The Canadian spies, white supremacists and South African secret agents affair…

This all started three days ago with a blog about a Canadian striptease club called Le Strip.

Life seemed so simple then.

Yesterday’s follow-up blog was titled: THE NOT-SO SIMPLE TALE OF A CANADIAN STRIP CLUB AND TERRORISM IN THE 1980s.

It was about David Hughes, who worked as a doorman/cashier/DJ at Le Strip 1982-1994… and as a trainman on the Canadian Pacific Railway system 1986-2019…  and as a ‘Confidential Informant’ for the Ontario Provincial Police… and for CSIS (the Canadian Security Intelligence Service) around that time.

Now take a big breath…

BOSS, (the apartheid South African government’s Bureau of State Security 1969-1980) enters the story…

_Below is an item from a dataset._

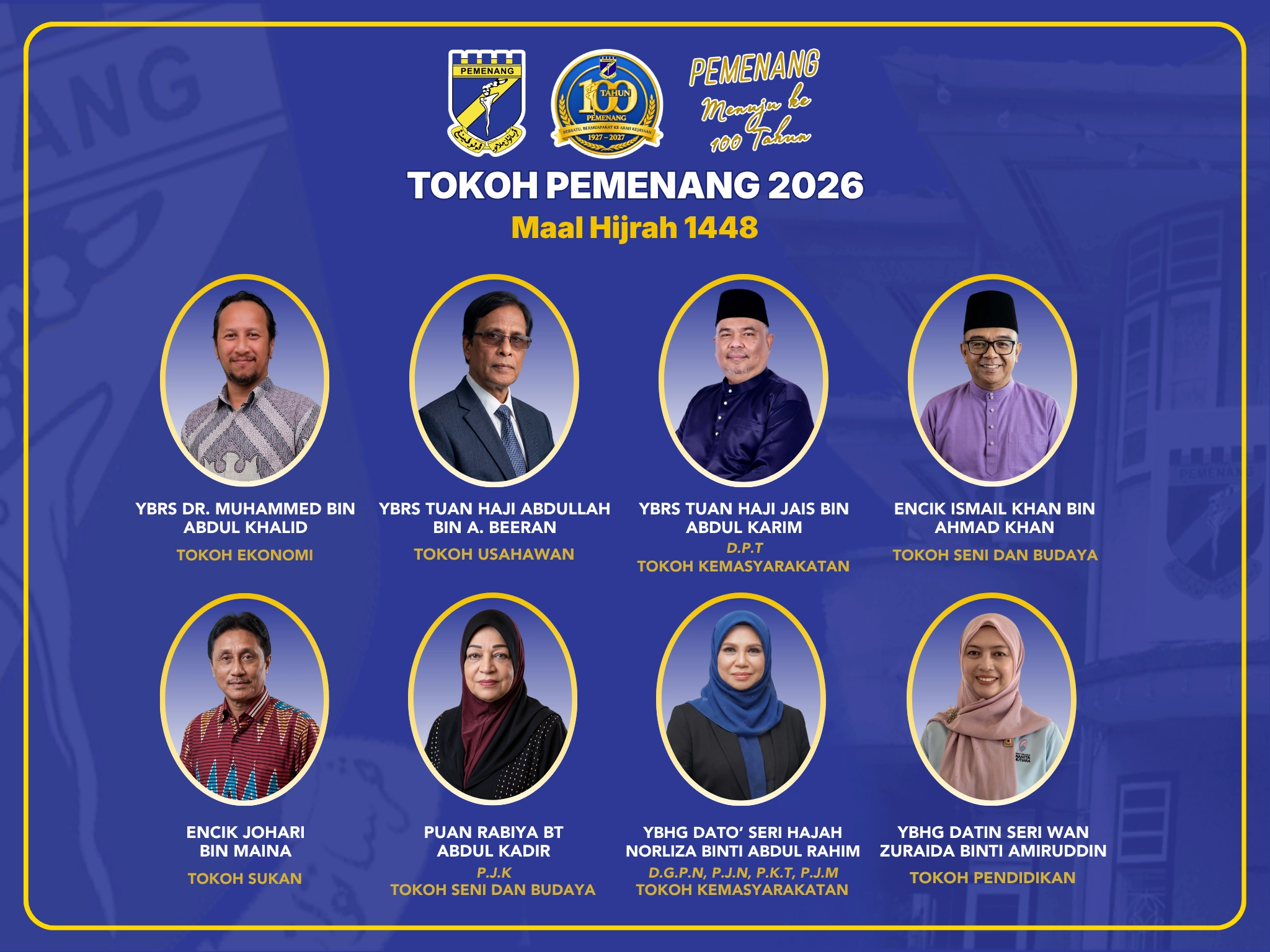 SENARAI TOKOH PEMENANG 2026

In yesterday’s blog about David Hughes’ undercover work in Canada, he said:

“Grant Bristow’s meeting with Max French at Le Strip was arranged by me… At the time, Grant was a Confidential Informant for CSIS (which I also had a indirect role in creating).”

So, obviously, I asked about this role.

He replied:


The role I am referring to is how Grant Bristow came to the attention of CSIS and ended up becoming a CI for them.  It was as a result of his recruitment by the South African embassy in Toronto (around 1984?) to provide intelligence on ANC (African National Congress) personnel in the city who were organizing protests against the apartheid regime in South Africa at the time.

Grant had met a couple of the South African embassy’s “diplomatic staff” (BOSS agents, no doubt) and parlayed his friendship and knowledge of my serving in the Rhodesian Army in 1979/80 into a job offer from them to provide information that would assist the South Africans in their battle against the ANC.

At the time Grant was working for Kuehne+Nagel in Toronto… One of the services they offered back in the 1980s/1990s was private investigators (who were required to be licensed under Provincial legislation) to ferret out employee theft and fraud.

They had contracts with Canada Post to provide security services at the Gateway Postal sorting facility and Grant spent a lot of time there doing undercover work for the security company in addition to his part time work as a DJ at Le Strip. 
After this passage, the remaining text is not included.